“Will it ever end?“ a seventh grader asks his mother half way through the sermon. ”Will it ever end?“ the exasperated woman says to her companion who insisted that she go to the concert. ”Will it ever end?" a husband and father sobs to his son as wife and mother lies helpless on the bed on which she will die after a long and painful illness.
“Will it ever end?” We all ask that question when lost or bereft or tortured or trapped or bored or lonely. Someone once said, “We can stand anything if we know that it will end.” [1]
It’s a question that our fathers and mothers of faith about the end of the first century were asking…about 96 AD. It was not a good time to be publicly known as a Christian. For Christians in that part of the world, (most of them had moved out of Palestine, out of Jerusalem, up north toward what is now Turkey) had problems to face which most others in the population did not.
They were considered adherents to a sect, a suspect group. They met for cultic practices in private homes, not on official religious holidays established by the Roman Empire. They were widely suspect of being unpatriotic. There were wild stories told about them. Word was out that they were eating flesh and drmk’ing blood (Cannibalism). They met for private love feasts (incest, orgies it was rumored). Had not their leader been crucified by the government as a rebel and enemy of the public welfare? They were unpatriotic. [2]

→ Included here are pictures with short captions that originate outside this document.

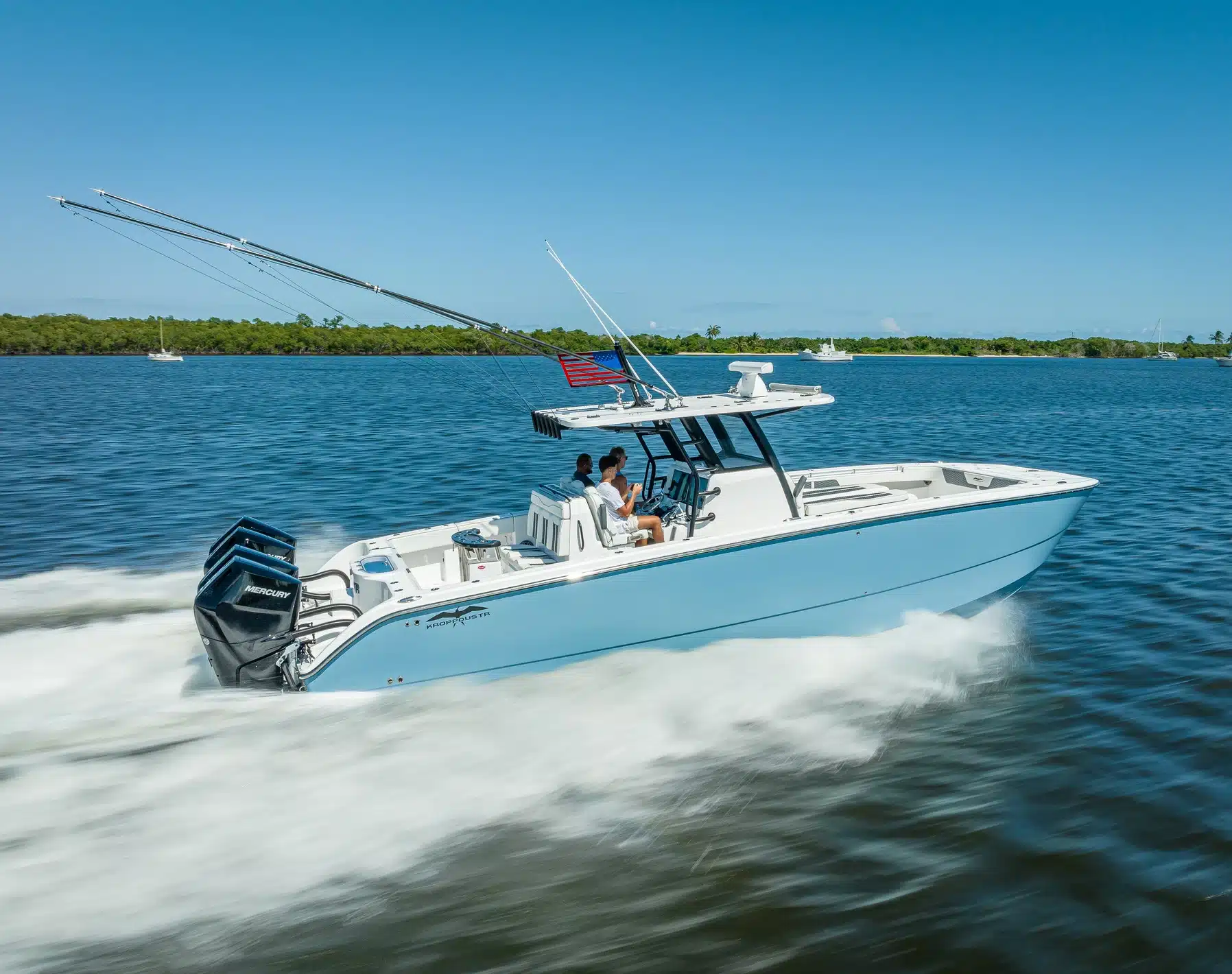 home-aboutcompany-coastalyachtsales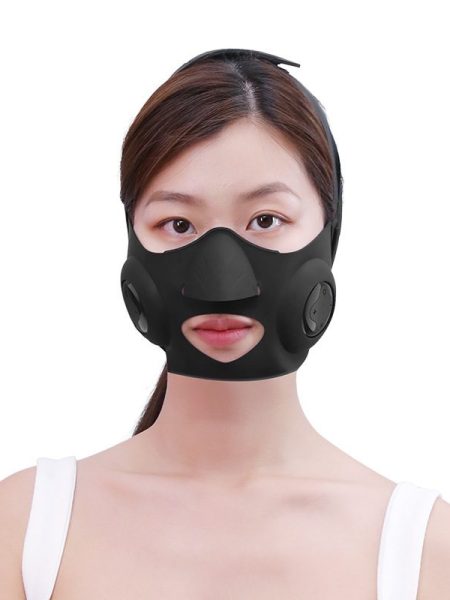 Face Masks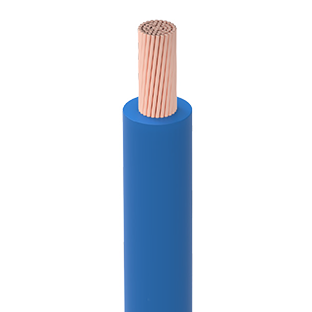 Üntel H05V-K / H07V-K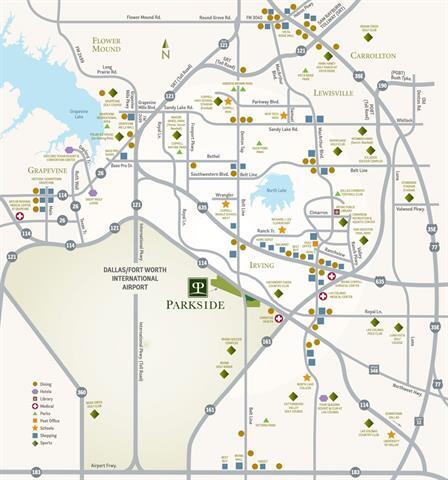 Building Photo - 3019 Ivy Hill Ln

Not only were they suspect, they were made scapegoats. Nero, you remember, who was emperor when Rome burned, accused the Christians of being arsonists and setting the fire. As a result there was no public outcry when he went on his vengeful attack against the Christians.
Now, in the latter part of the first century, the 90’s, Domitian was emperor. He, too, chose to persecute the Christians because they could not be brought under control; they were unwilling to give a pinch of incense signifying their worship of the emperor as God. Concerned about the threat to the stability of the empire, he persecuted them.
It was a time of unrest, and this persecution was seen by the general population as just punishment. There were famines in the early 90’s which had taken their toll on the empire. The earth itself seemed unstable… earthquakes had devastated Asia in the 60’s. In 79 Vesuvius erupted, burying Pompeii and neighboring towns, and leaving a foreboding cloud over all the area. It was a time of unrest and uncertainty.
As a matter of fact, many Christians at the end of the first century believed that the end would come soon…even in their lifetime. The time was up. The end was coming. By that they meant the end of the world. Some thought the world would soon be transformed by the return of Christ to earth. The wicked were to be judged and condemned and the righteous were to be blessed.
Others thought that what these folks believed would come soon, in the near future, had already happened. Christian theologians of the second and following generation taught that the promised end came in the outpouring of the Holy Spirit and the beginning of the Church. This was the sign that the end was present, that God was fulfilling all that had been promised. After all, had not Christ been raised from the dead? [3]
The Antichrist was assumed to be false teachers in the church. The defeat of Satan had happened in Jesus’ resurrection. Christ’s coming was fulfilled with the coming of the Holy Spirit.
The writer of the gospel of John, and the first, second and third letters of John take the position that we don’t need to really to look for more. God has fulfilled what God has promised.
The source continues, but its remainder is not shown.